REQUIRED ACTION:
Would you please output, word for word, the span of the listing below that opens on the line containing "The enthusiastic child" and closes on the line containing "Maniglione antipanico installato"? Include both ends and nothing more.

╭─ DATASET RECORDS

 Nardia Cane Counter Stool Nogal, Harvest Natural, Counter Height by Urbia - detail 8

╰─
╭─ DATASET RECORDS

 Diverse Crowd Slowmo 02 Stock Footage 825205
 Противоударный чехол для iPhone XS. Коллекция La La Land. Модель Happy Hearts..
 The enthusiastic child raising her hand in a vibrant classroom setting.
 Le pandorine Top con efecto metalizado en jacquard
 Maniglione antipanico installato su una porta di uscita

╰─

RESULT OF THIS EXERCISE:
 The enthusiastic child raising her hand in a vibrant classroom setting.
 Le pandorine Top con efecto metalizado en jacquard
 Maniglione antipanico installato su una porta di uscita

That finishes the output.